Task to complete
Once you find the line with "Valentino Garavani Nappa" in the listing below, set down exactly every line from it through the line with "Riga von oben im Sommer foto", but no pictures.

§ §

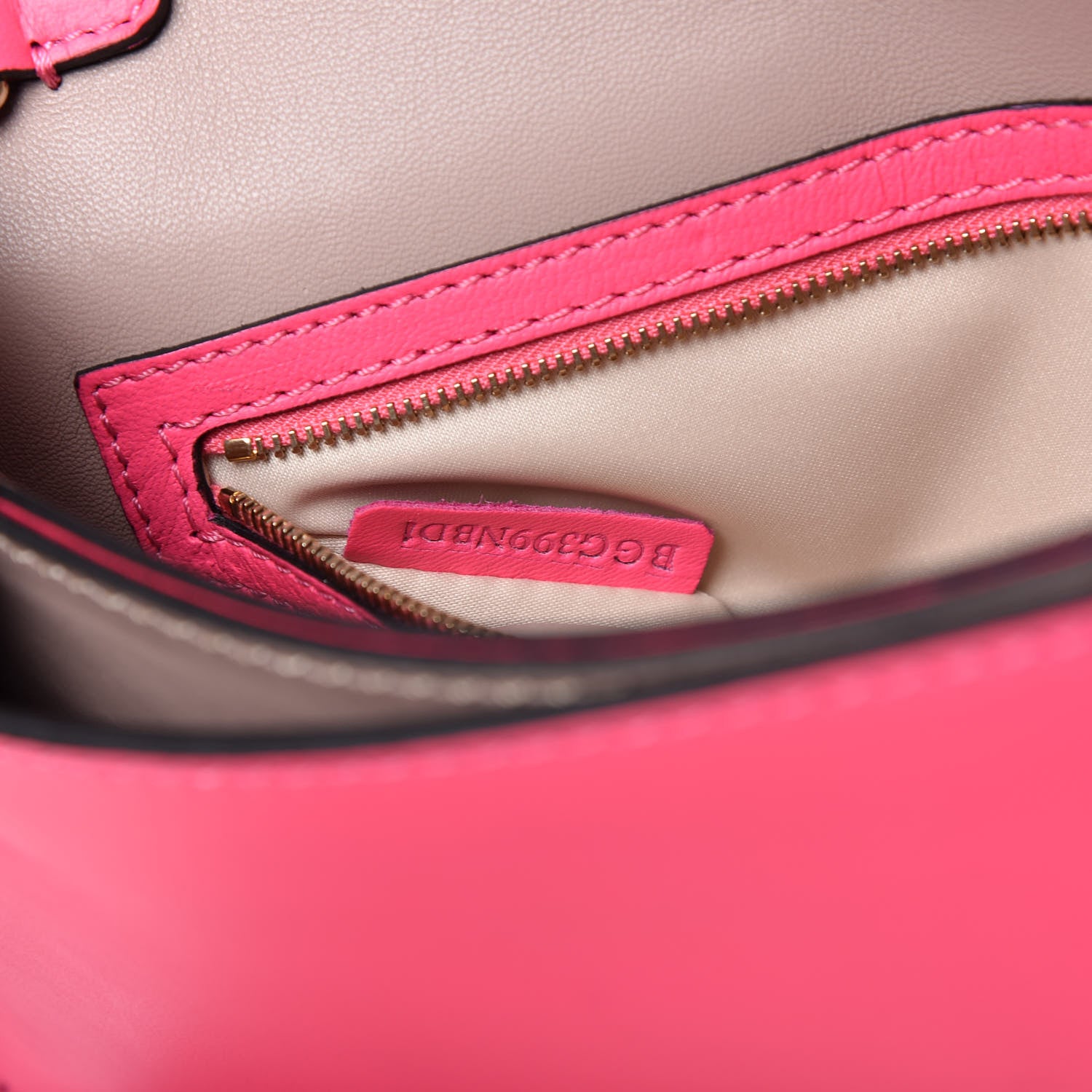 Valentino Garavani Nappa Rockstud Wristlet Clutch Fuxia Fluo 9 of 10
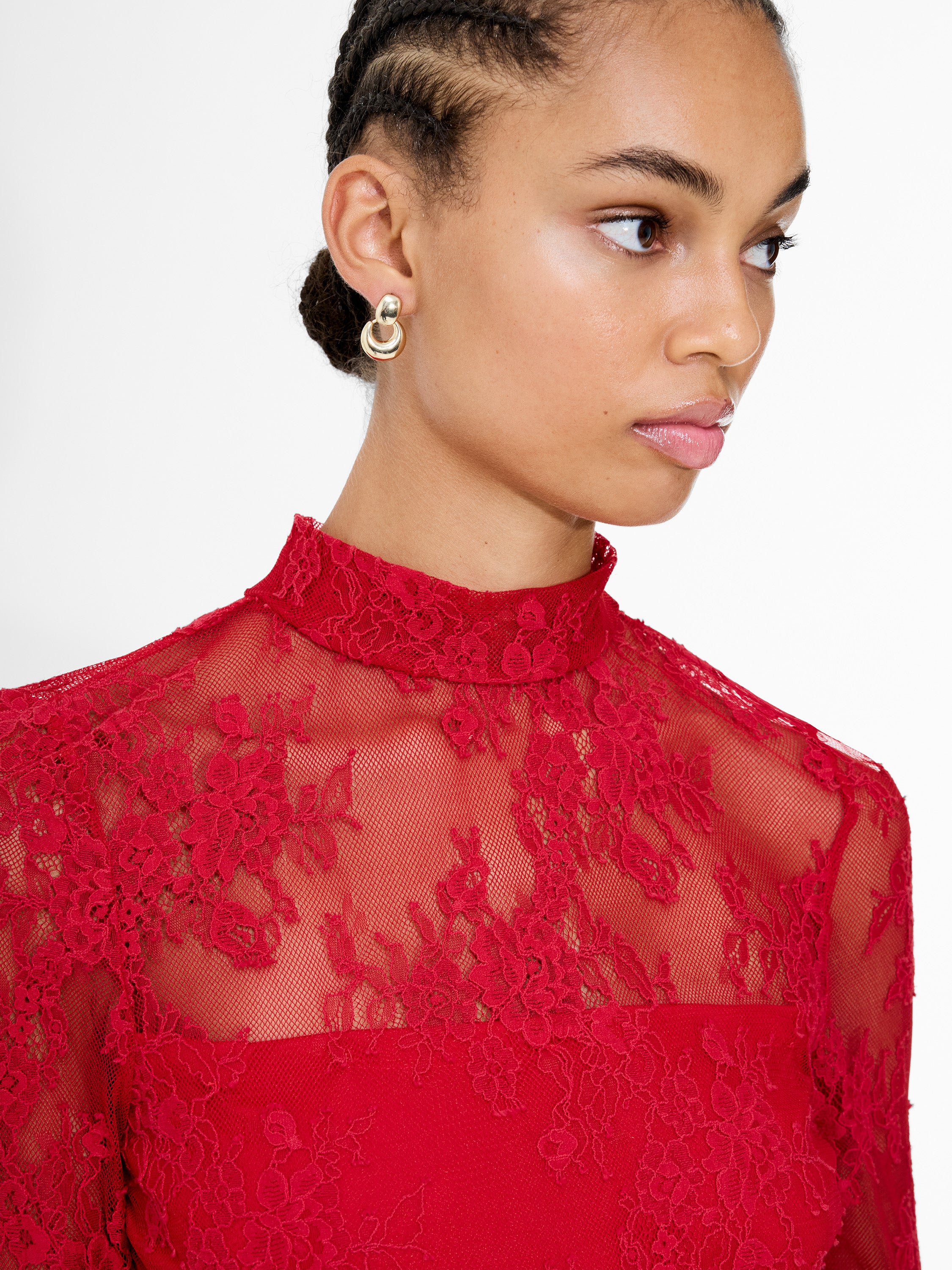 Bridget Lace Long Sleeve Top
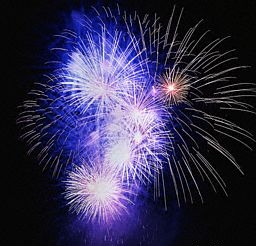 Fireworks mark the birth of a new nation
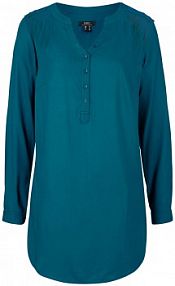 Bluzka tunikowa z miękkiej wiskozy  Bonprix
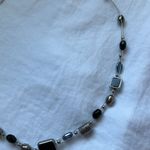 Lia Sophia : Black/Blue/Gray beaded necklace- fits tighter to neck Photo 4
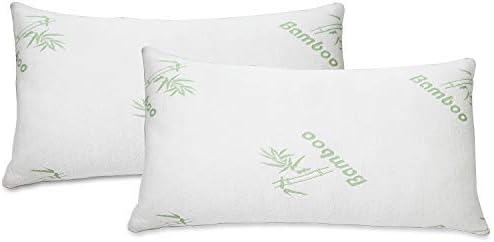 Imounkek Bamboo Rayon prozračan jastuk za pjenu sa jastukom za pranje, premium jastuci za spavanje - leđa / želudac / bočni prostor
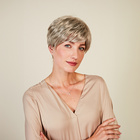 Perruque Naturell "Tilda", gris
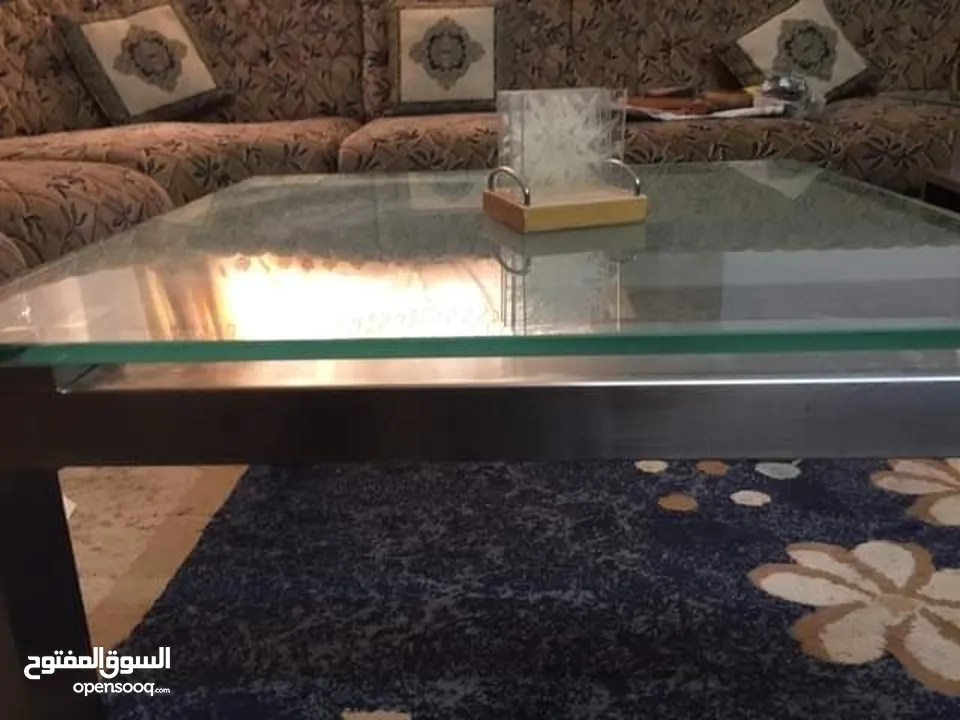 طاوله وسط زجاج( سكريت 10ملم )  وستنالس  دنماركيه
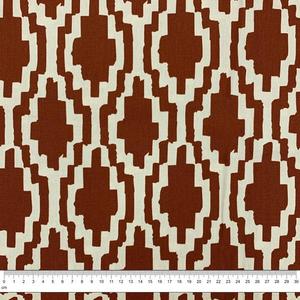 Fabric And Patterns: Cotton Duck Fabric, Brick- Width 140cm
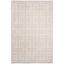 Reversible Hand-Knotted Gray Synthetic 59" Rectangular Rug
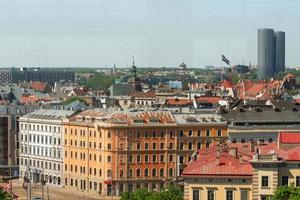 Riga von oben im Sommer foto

§ §

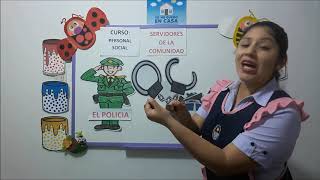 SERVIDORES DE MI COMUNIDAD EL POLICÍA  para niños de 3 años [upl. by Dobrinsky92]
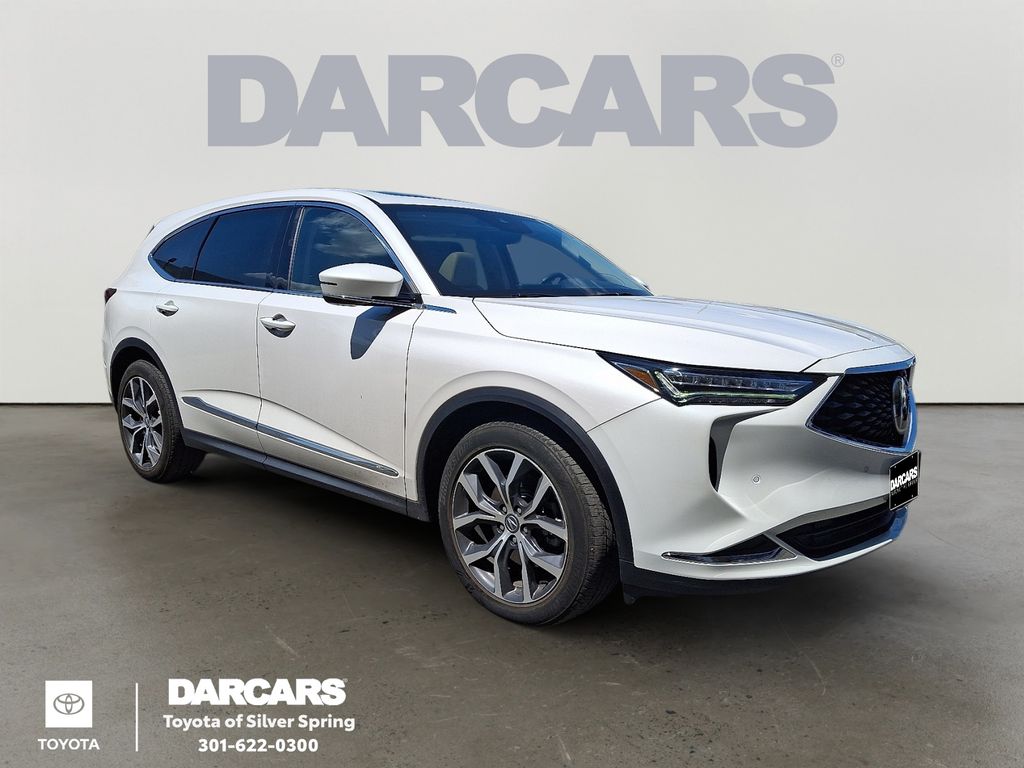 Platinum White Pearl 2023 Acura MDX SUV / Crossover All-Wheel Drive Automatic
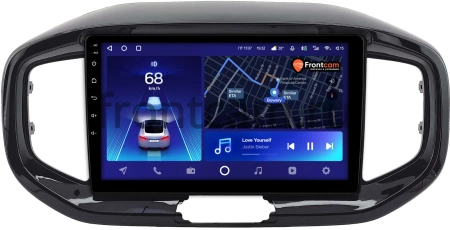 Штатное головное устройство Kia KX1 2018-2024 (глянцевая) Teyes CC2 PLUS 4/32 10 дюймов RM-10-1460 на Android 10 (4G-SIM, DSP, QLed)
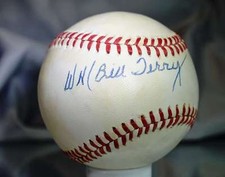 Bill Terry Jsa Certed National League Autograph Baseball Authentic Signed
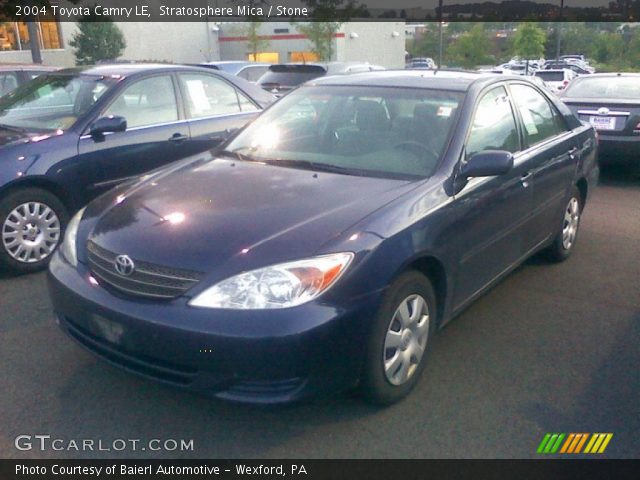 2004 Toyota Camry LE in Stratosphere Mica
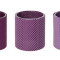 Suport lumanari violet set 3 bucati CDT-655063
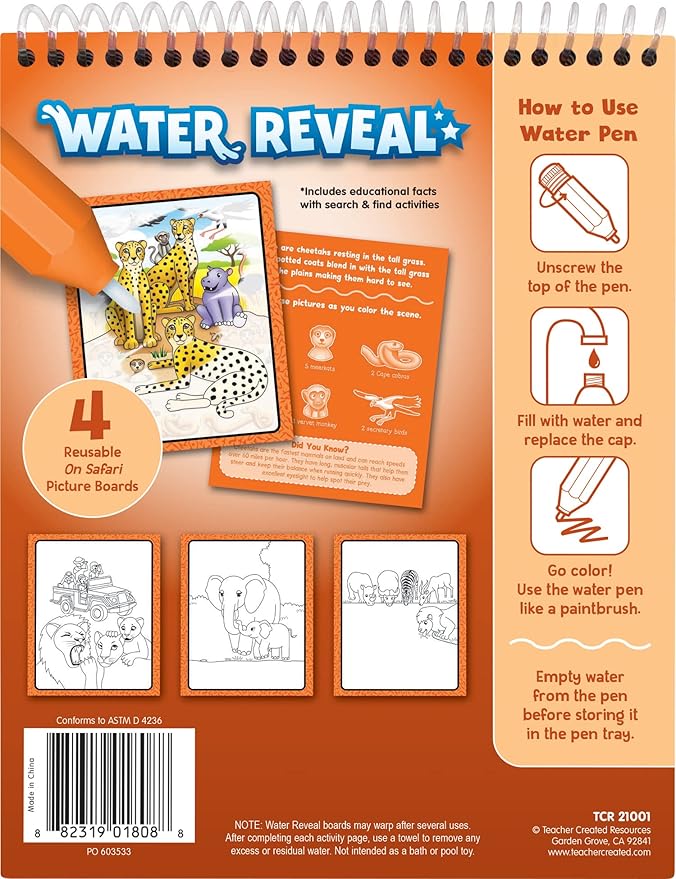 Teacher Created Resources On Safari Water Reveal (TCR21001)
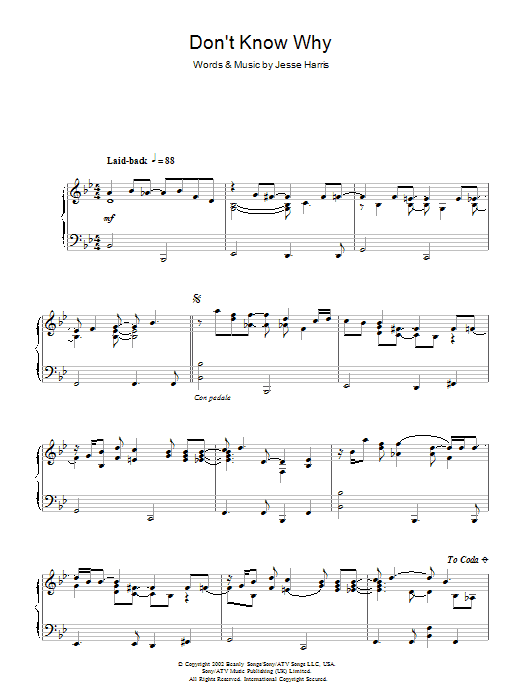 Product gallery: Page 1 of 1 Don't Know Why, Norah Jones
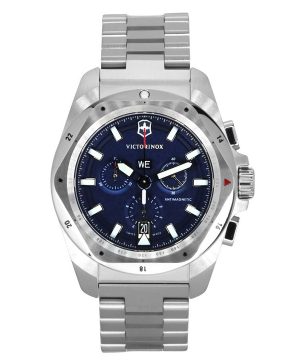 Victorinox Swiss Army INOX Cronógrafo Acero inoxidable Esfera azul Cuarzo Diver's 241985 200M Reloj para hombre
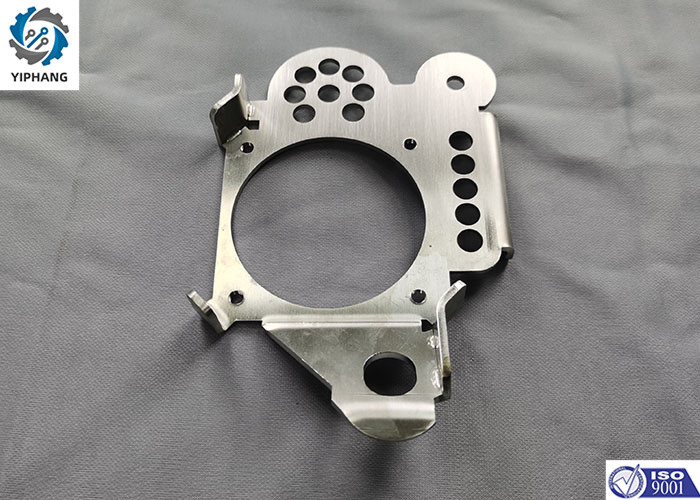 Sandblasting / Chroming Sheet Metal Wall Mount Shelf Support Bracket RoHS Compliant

§ §

Task answer
 Valentino Garavani Nappa Rockstud Wristlet Clutch Fuxia Fluo 9 of 10
 Bridget Lace Long Sleeve Top
 Fireworks mark the birth of a new nation
 Bluzka tunikowa z miękkiej wiskozy  Bonprix
 Lia Sophia : Black/Blue/Gray beaded necklace- fits tighter to neck Photo 4
 Imounkek Bamboo Rayon prozračan jastuk za pjenu sa jastukom za pranje, premium jastuci za spavanje - leđa / želudac / bočni prostor
 Perruque Naturell "Tilda", gris
 طاوله وسط زجاج( سكريت 10ملم )  وستنالس  دنماركيه
 Fabric And Patterns: Cotton Duck Fabric, Brick- Width 140cm
 Reversible Hand-Knotted Gray Synthetic 59" Rectangular Rug
 Riga von oben im Sommer foto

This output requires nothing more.